A seguito di «opportune orali informazioni fornite», circa un mese dopo, il 17 gennaio 1907, «a chiarimento e spiegazione della precedente domanda», lo stesso Coppola scrive alla Deputazione provinciale che egli, «in rappresentanza di un gruppo di finanzieri, è autorizzato a presentare al R. Governo, nelle forme prescritte dalle vigenti leggi, la domanda di concessione, se codesta Spett. Amministrazione lo autorizza a servirsi per tale domanda del progetto Bottazzi, a cui dovranno apportarsi quelle piccole modificazioni e quei miglioramenti che le attuali leggi consentono e prescrivono, e se la Provincia consentirà a lui pei suoi rappresentanti, la sovvenzione di lire 500 a chilometro, a condizione che egli ottemperi» alle previste prescrizioni (La ferrovia Roccasecca-Pontecorvo-Formia innanzi al Consiglio Provinciale di Terra di Lavoro. Tipografia Cimmaruta. Napoli. 1901).
Il consiglio provinciale di Caserta è dunque chiamato a deliberare su questa concessione anche alla luce del fatto che esso «fin dal 1882, intravide la necessità ed importanza della linea Roccasecca-Pontecorvo-Formia; necessità ed importanza che dopo un quarto di secolo sono venute aumentando con progressione geometrica. La Provincia oltre a far voti al Governo per la costruzione di tale linea, ebbe a deliberare la redazione del relativo progetto, che fu effettivamente redatto dall’ Ing. Eduardo Bottazzi, avendo la Provincia stessa sopportato per tale progetto la spesa di parecchie migliaia di lire. Questo progetto fu approvato completamente dal Consiglio Superiore dei Lavori Pubblici, e nonostante le continuate vive insistenze così del Consiglio Provinciale come dei rappresentanti politici, il progetto stesso restò inseguito sinora, per le condizioni generali di depressione economica del paese. Però essendosi dipoi costruita la linea Gaeta-Formia-Sparanise, ed essendosi finalmente il Parlamento deciso alla costruzione della Direttissima Napoli-Formia-Roma, surse vivo il desiderio divedere attuata la linea Roccasecca-Pontecorvo-Formia che acquistava maggiore importanza pel fatto, che sarebbe stata, fra l’altro, la congiungente mediana delle due grandi linee ferroviarie fra Napoli e Roma».

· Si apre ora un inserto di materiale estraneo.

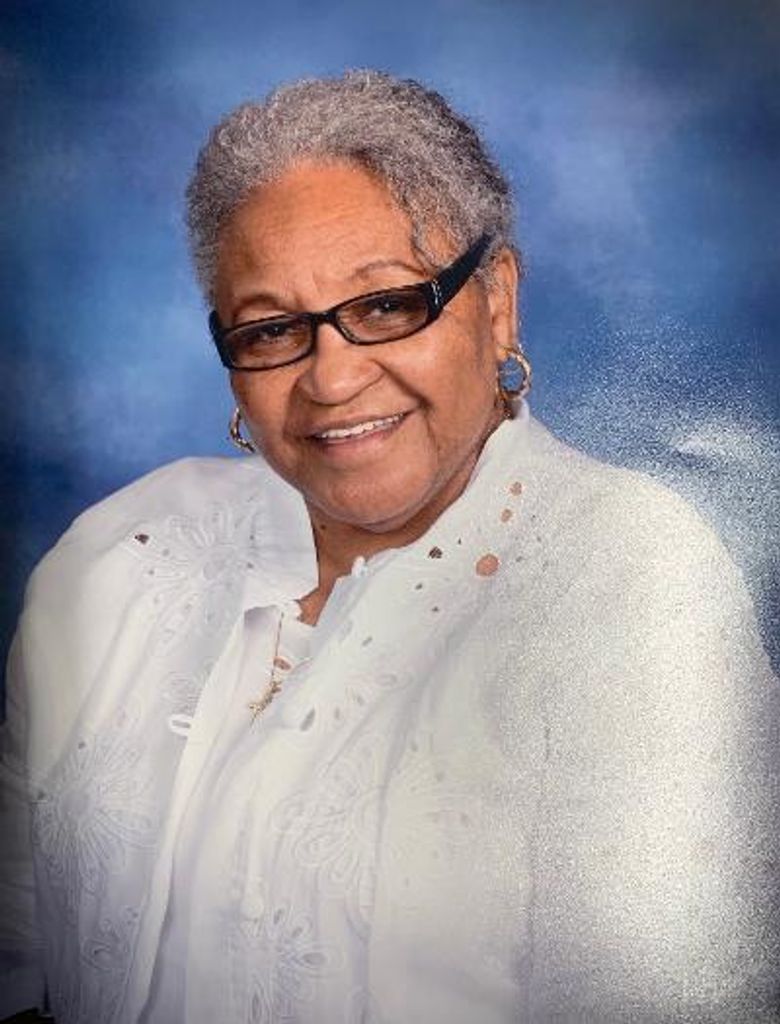 Rev. Elvina Thomas Barnes Profile Photo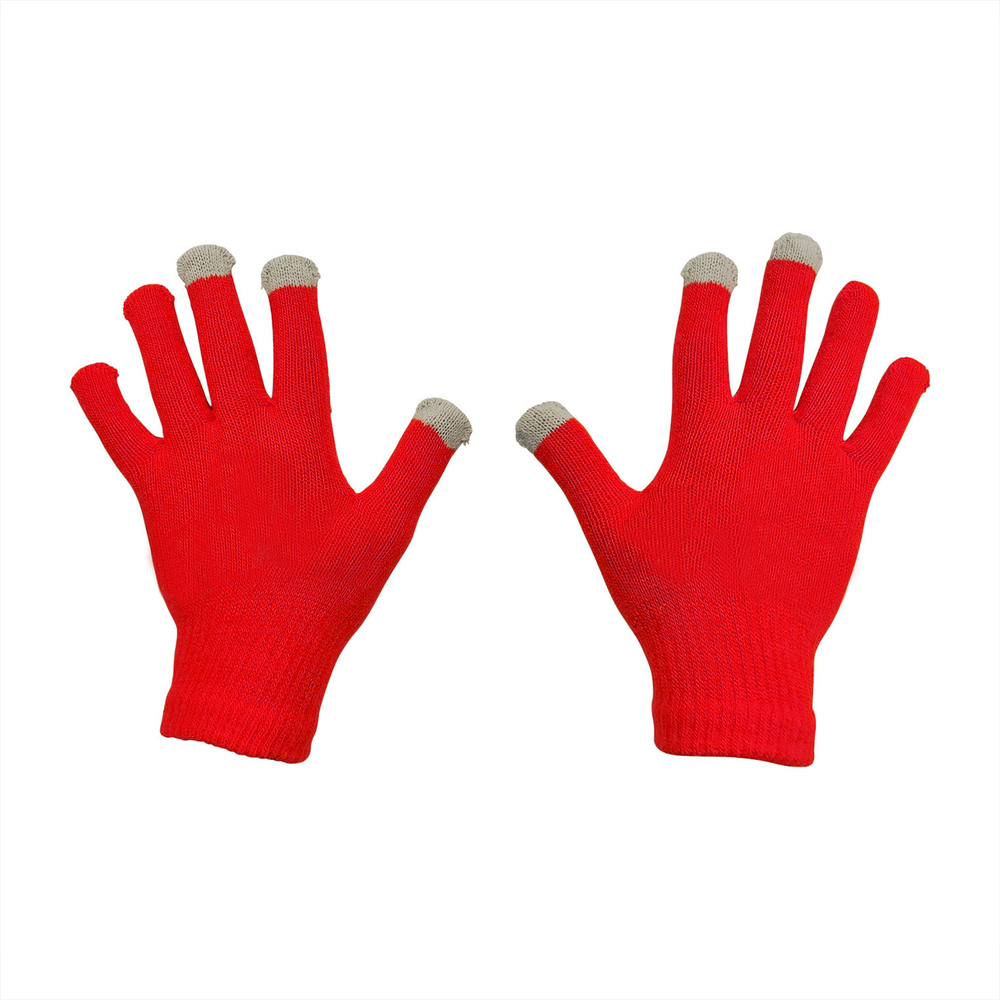 Branded Touchscreen Gloves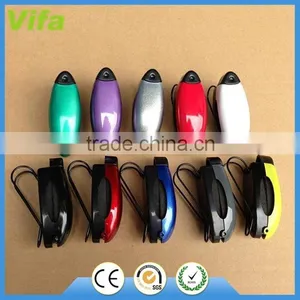 Auto Car Vehicle Accessory Sun Visor Sunglasses Eyeglasses Card Pen Holder Clip thumbnail-1
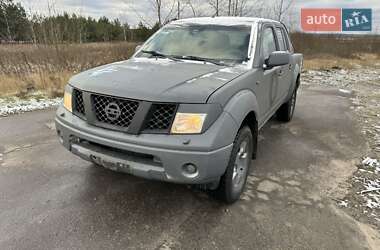 Пікап Nissan Navara 2007 в Дубровиці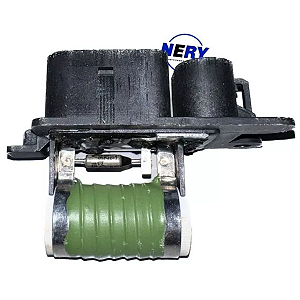 Resistencia Eletrov. Vw Gol G5 / G6 / Polo / Fox(Space/Cross)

Si parla ancora di una ferrovia da Roccasecca a Formia in un documento del 3 luglio 1891 con il quale il Ministro segretario di Stato ‘pei Lavori pubblici’ autorizza i signori Enrico Radice e Luigi Begani, che ne hanno fatto richiesta, ad «eseguire gli studi e le operazioni geodetiche necessarie alla compilazione del progetto di una ferrovia fra le due località’ previa rilascio da parte della prefettura di Caserta dell’autorizzazione a ‘fare introdurre i propri agenti nelle proprietà pubbliche e private’».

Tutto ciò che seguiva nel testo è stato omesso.